X_test = test_df.drop('aqi', axis=1)
y_test = test_df['aqi']

print(f"Training samples: {len(X_train)}")
print(f"Validation samples: {len(X_val)}")
print(f"Features: {len(X_train.columns)}")
2

Train Baseline Model

Start with a simple baseline to establish performance expectations.
from sklearn.ensemble import RandomForestRegressor

# Simple Random Forest baseline
baseline_model = RandomForestRegressor(
    n_estimators=100,
    max_depth=10,
    random_state=42,
    n_jobs=-1
)

print("Training baseline model...")
baseline_model.fit(X_train, y_train)

# Evaluate on validation set
val_pred = baseline_model.predict(X_val)
val_rmse = np.sqrt(mean_squared_error(y_val, val_pred))
val_mae = mean_absolute_error(y_val, val_pred)
val_r2 = r2_score(y_val, val_pred)

print(f"\nBaseline Performance:")
print(f"  RMSE: {val_rmse:.2f}")
print(f"  MAE: {val_mae:.2f}")
print(f"  R²: {val_r2:.3f}")
A baseline model helps you understand if more complex models provide meaningful improvements.

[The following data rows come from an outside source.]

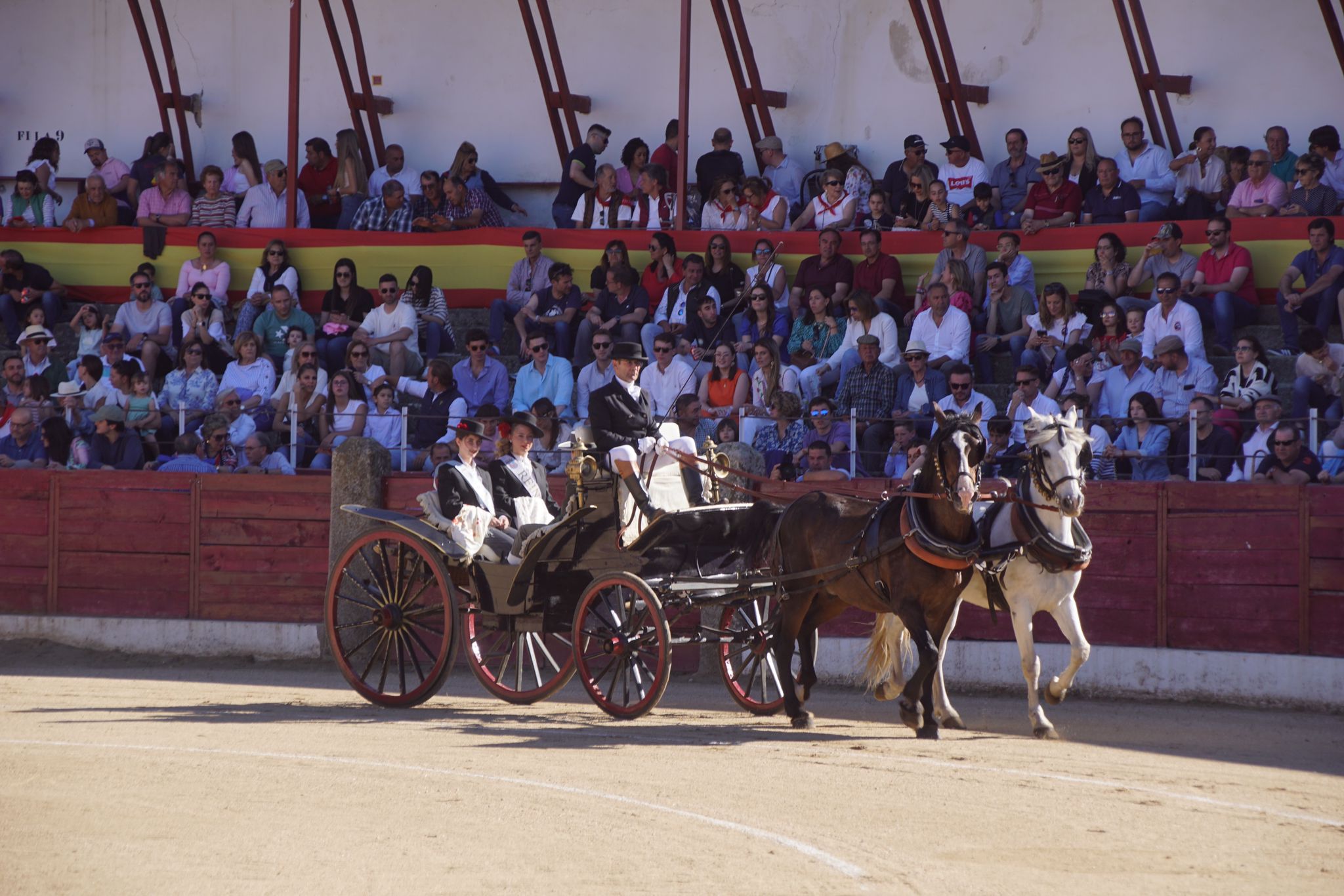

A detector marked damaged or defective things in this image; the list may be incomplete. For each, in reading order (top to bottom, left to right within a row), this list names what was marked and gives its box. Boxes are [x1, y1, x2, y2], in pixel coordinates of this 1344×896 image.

rusty red beam [286, 0, 302, 228]
rusty red beam [903, 1, 989, 157]
rusty red beam [1322, 0, 1344, 81] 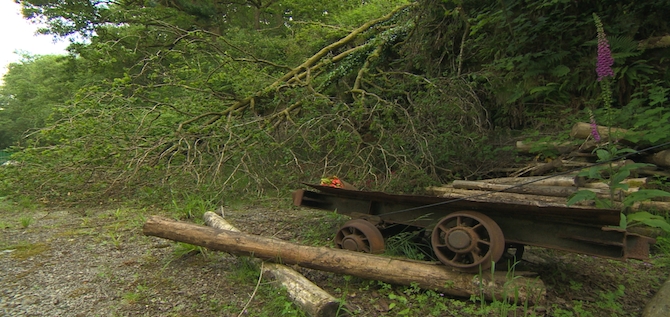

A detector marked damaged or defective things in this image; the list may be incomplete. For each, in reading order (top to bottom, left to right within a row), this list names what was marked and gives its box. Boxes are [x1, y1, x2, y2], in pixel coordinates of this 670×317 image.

rusted wheel hub [338, 218, 386, 253]
rusted wheel hub [434, 211, 506, 270]
rusty metal cart [292, 185, 656, 272]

Aim for RMSE < 15 for good AQI predictions.

Advanced Training Methods

XGBoost with Hyperparameter Tuning

XGBoost typically provides the best performance for AQI prediction.
import xgboost as xgb

# Prepare DMatrix for XGBoost
dtrain = xgb.DMatrix(X_train, label=y_train)
dval = xgb.DMatrix(X_val, label=y_val)

# Training parameters
params = {
    'objective': 'reg:squarederror',
    'max_depth': 8,
    'learning_rate': 0.05,
    'subsample': 0.8,
    'colsample_bytree': 0.8,
    'min_child_weight': 3,
    'gamma': 0.1,
    'reg_alpha': 0.1,
    'reg_lambda': 1.0,
    'seed': 42
}

# Train with early stopping
evals = [(dtrain, 'train'), (dval, 'val')]
model = xgb.train(
    params,
    dtrain,
    num_boost_round=1000,
    evals=evals,
    early_stopping_rounds=50,
    verbose_eval=50
)

print(f"Best iteration: {model.best_iteration}")
print(f"Best score: {model.best_score:.4f}")

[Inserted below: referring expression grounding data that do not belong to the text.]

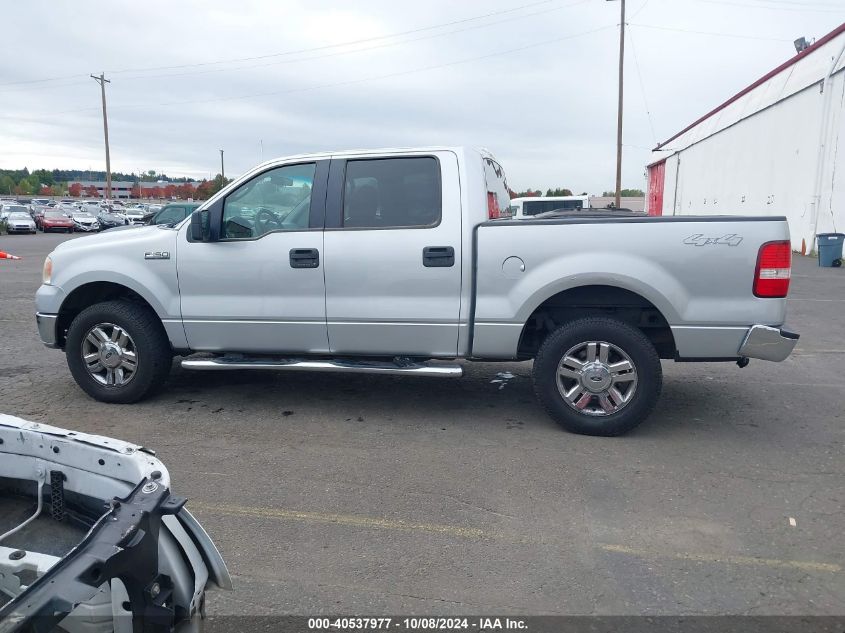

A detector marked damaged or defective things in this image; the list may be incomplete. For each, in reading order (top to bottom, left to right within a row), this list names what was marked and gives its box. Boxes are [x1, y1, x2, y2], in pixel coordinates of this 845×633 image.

damaged white car part [0, 414, 231, 632] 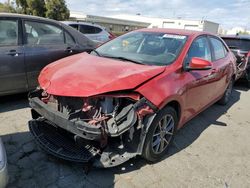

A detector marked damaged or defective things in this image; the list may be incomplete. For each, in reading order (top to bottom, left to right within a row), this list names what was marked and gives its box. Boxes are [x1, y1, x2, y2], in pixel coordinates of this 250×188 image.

crumpled hood [38, 52, 165, 97]
damaged front end [28, 88, 157, 167]
damaged bumper [28, 89, 157, 167]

LightGBM for Fast Training

LightGBM is faster than XGBoost and often achieves similar performance.
import lightgbm as lgb

# Prepare datasets
train_data = lgb.Dataset(X_train, label=y_train)
val_data = lgb.Dataset(X_val, label=y_val, reference=train_data)

# LightGBM parameters
params = {
    'objective': 'regression',
    'metric': 'rmse',
    'boosting_type': 'gbdt',
    'num_leaves': 63,
    'learning_rate': 0.05,
    'feature_fraction': 0.8,
    'bagging_fraction': 0.8,
    'bagging_freq': 5,
    'min_child_samples': 20,
    'lambda_l1': 0.1,
    'lambda_l2': 1.0,
    'verbose': -1,
    'seed': 42
}

# Train model
print("Training LightGBM model...")
lgb_model = lgb.train(
    params,
    train_data,
    num_boost_round=1000,
    valid_sets=[train_data, val_data],
    valid_names=['train', 'val'],
    callbacks=[
        lgb.early_stopping(stopping_rounds=50),
        lgb.log_evaluation(period=50)
    ]
)

print(f"\nBest iteration: {lgb_model.best_iteration}")
print(f"Best score: {lgb_model.best_score['val']['rmse']:.4f}")

# Feature importance
importance = pd.DataFrame({
    'feature': X_train.columns,
    'importance': lgb_model.feature_importance()
}).sort_values('importance', ascending=False)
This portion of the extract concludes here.